Yak Butter Tea For Two

“Do they really expect me to eat this muck?” Doc Willoughby regarded his bowl of dark cereal with a look of disdain.

“It’s called tsampa, the staple diet of the monastery, and it is all that there is,” snapped Durosimi O’Stoat. “If you bothered to taste it, you would find that it’s really quite good.”

“I would be happier if I knew exactly what I was eating,” complained the Doc. “I can’t say I trust these fellows…”

“They are monks, for goodness sake!” exclaimed Durosimi, exasperated. “They’ve saved your life. Show some gratitude for once.”

Doc eyed his companion warily. This sudden respect for others was a side of the sorcerer that he had never seen before.

“Well, what’s in it?” asked the Doc.

“As far as I understand,” replied Durosimi, regaining his composure, “it is made of roasted flour and some seeds…”

“And what else?” muttered the Doc, suspiciously.

“Something called bod ja – Tibetan tea. It’s all perfectly good and, I have been assured, extremely nutritious also.”

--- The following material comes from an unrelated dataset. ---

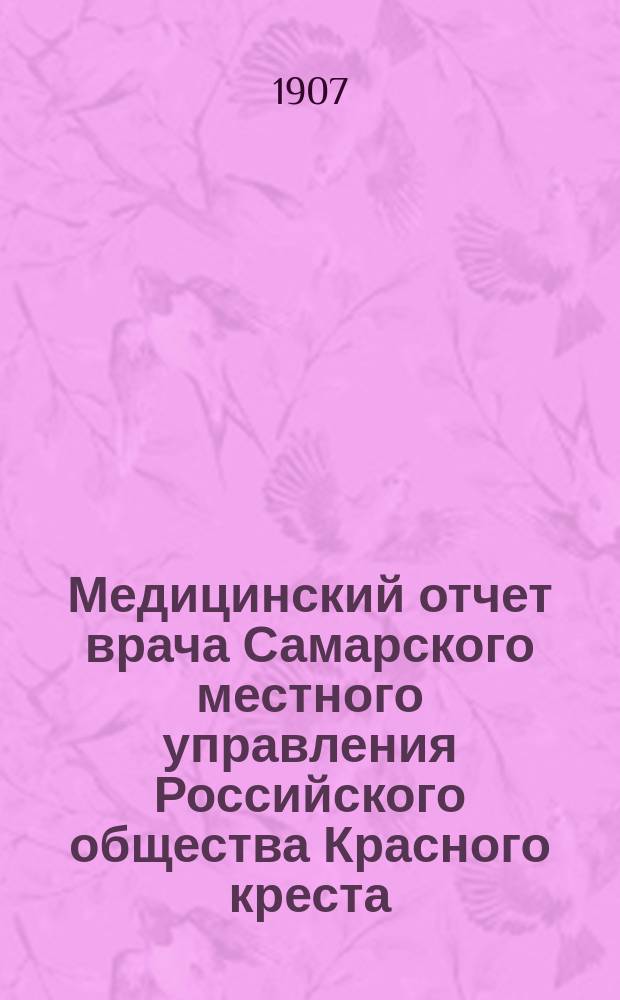 Медицинский отчет врача Самарского местного управления Российского общества Красного креста... ... за период с октября месяца 1906 года по октябрь 1907 года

Durosimi decided not to go into the details of how bod ja is made. Doc did not need to know that a large lump of greasy yak butter gets added to some heavily salted tar-black tea, which had previously been strained through a horse-hair colander. Neither did he need to be apprised of the information that this concoction is then churned until it reaches the consistency of thick oil, and added to the flour and seeds in order to make tsampa. Durosimi felt that knowing this, the Doc may have been disinclined to eat.  Why such facts might have bothered someone who was more than happy to gorge on starry-grabby pie, however, is something of a mystery to me.

 If you have just wandered into this tale after several weeks, or more, away, you may be wondering what Durosimi O’Stoat and Doc Willoughby are doing, enjoying the hospitality of a Tibetan Buddhist monastery, high up in the Himalayan Mountains and many thousands of miles from Hopeless, Maine. To cut a long story short, Doc Willoughby – for reasons yet unknown – had been found, not so much at Death’s door, but wiping his boots on Death’s welcome mat. Philomena Bucket and Mr Squash, the Sasquatch, agreed that the Doc’s only hope of being saved lay in the healing hands of the lamas of the legendary Dge-lugs-pa, or the Yellow Hat sect, (fortunately, these days they are known more for their distinctive burgundy robes than their yellow hats). Durosimi, who had visited the monastery some time before, offered to go and keep an eye on the Doc, and so Mr Squash transported the pair of them to the Himalayas, via one of his mysterious portals. Now you are up to date.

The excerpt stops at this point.